他带兵半辈子,军中什麽蛀虫没见过。他太知道了—这种事,防主官容易,防哨官最难。他那套章程,从头到尾,靠的就是「带兵的人是乾净的「这一根柱。

柱一抽,房塌了。

「第二组。」

沈清渠走到沈青崖和林卓的卷前。

「你们的章程,成在「稳「。外防内抚,条条有度。」

「我只改一个字一」

「府衙的回文,十五日,不来。」

「第十六日也不来。第二十日,还不来。界务悬着,井务悬着,会商不决之事,一件一件堆着。

你们添的那几行小字我看见了—「逾期十日未复,行文催问「。好。催问的文,府衙照收,收了,继续不回。」

「手续上,它一点错都没有。」

「你们这座县,就在这份「没有错「里,一天一天,烂下去。」

林卓闭上了眼。

沈青崖盯着自己那份卷子,指节抵着案面,久久没有说话。

「第三组。」

沈清渠最後走到苏秦和纪观澜的卷前。

他把那一页不满四百字的章程,拿起来,对着光看了看。

「五条。疑事封,常务行,职权分,急务联,事後报。」

「这一份,梁最多,柱最匀—一根被抽了,别的还能撑。」

苏秦垂手立着,不敢接这句话。

因为他知道,越是这麽说,接下来抽的那一根,越狠。

果然。

「空位第七日。」

沈清渠缓缓道:「连日暴雨。县东的河堤,塌了半边。水还没进城,可低处三个乡,已经淹了。灾民往县城涌,头一批,两千人。」

「常平仓里有粮。」

「仓廒的章程,白纸黑字—非县令之印,不得开仓。」

他把那页章程,轻轻放回案上。

「苏秦。」

「你的三印会商,商出来的是「意见「。可开仓放粮,要的不是意见一」」

「是一枚印,和一颗敢把脑袋押上去的心。」

「县丞不敢。他署理民政九年,太知道「擅开官仓「四个字的分量。主簿不敢,典史更不敢。三个人围着那道会商的章程,一人写了一篇四平八稳的「意见「,都主张开仓」」

「可谁都不肯,第一个落印。」

「两千灾民在城外淋着雨。」

「仓门锁着。」

「你的章程,一条都没被违反。

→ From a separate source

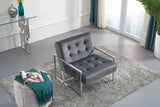 Alexis Velvet Accent Chair - Cozy Contemporary Design with Durable Stainless Steel Base for Comfort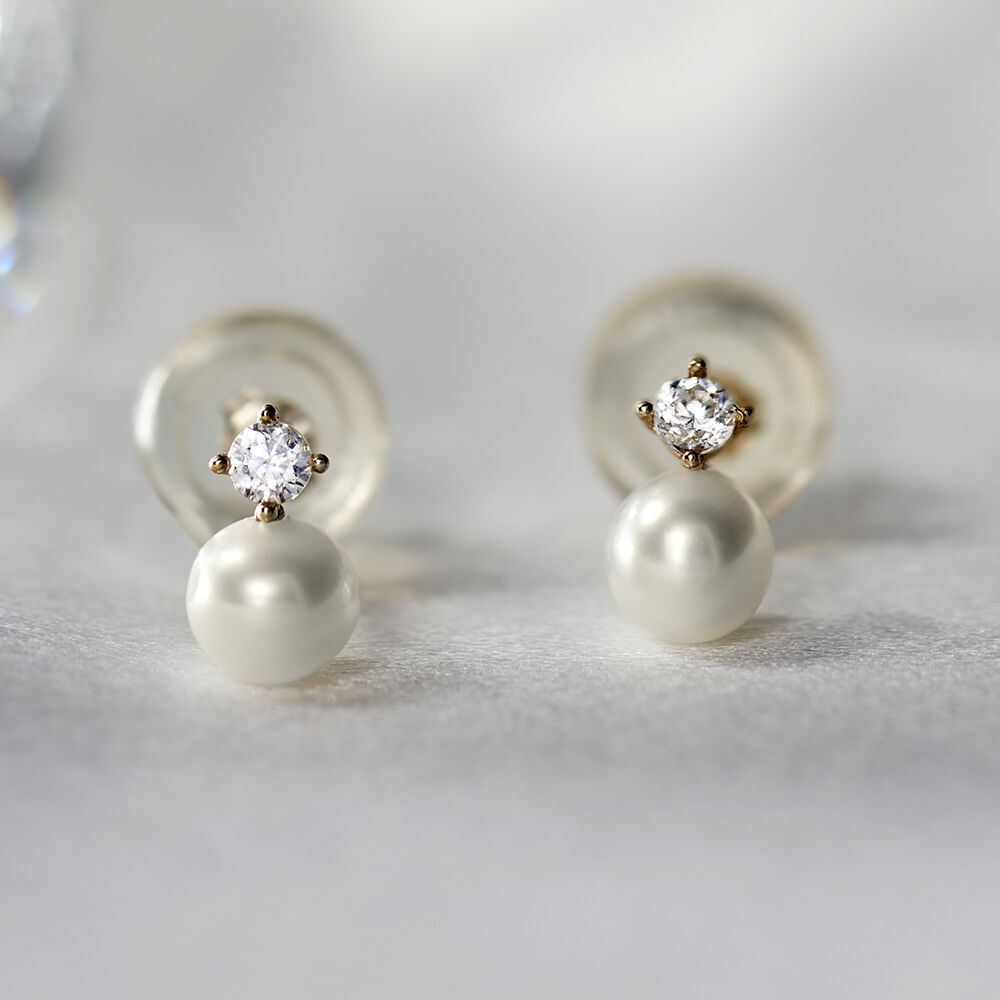 Boucles D'oreilles Puces Eolande Or Jaune Perle De Culture - Puces Femme | Marc Orian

」

沈清渠看着苏秦,一字一字:「现在,怎麽办?」

堂内,落针可闻。

所有人的目光,都落在苏秦身上。

苏秦立在案前,脑子里第一个冒出来的念头,是安丰。

安丰县也有这一夜。漕仓封条,斩律当头,满堂属官谁都不敢碰。那一夜他怎麽办的?

血书自劾。罪在一人,与众无涉。他一个人把印盖了,把脑袋押了。

这个答案冲到嘴边一——

他咬住了。

不行。

题目说得明明白白一鹿鸣县,没有他。没有一个愿意血书自劾的县令,没有一个天降的英雄。有的只是三个战战兢兢的属官,一纸章程,和城外两千张淋在雨里的嘴。

他不能再答「我来」。

这道题要的,恰恰是把「我「字抠掉之後,剩下的东西。

苏秦闭上眼。

安丰那一夜,一幕一幕,重新过。

他忽然想起来了那一夜,他的血书里,除了自劾,还写了一样东西。

开仓之令,出於本官一人;县丞当堂力谏,主簿典史俱不与闻。

那份文书真正的用处,不只是揽罪。

是把「谁担何责」,在动手之前,就写死在纸上。

责任写清楚了,事情才办得动。

责任糊着,人人自危,谁都不动。

鹿鸣县没有一个肯独揽的县令那就把这份「责任的帐」,摊开来,让三个人分着担,让章程替他们把各自的那一份,量出来。

苏秦睁开眼。

「回大人。」

「学生答。分三层。」

「第一层——不必新造章程。旧例里有现成的路。」

他缓缓道:「《大周会典·仓廪格》有一条:主官员缺、灾变危急者,佐贰官联署,得开仓先赈,限三日内驰报上宪。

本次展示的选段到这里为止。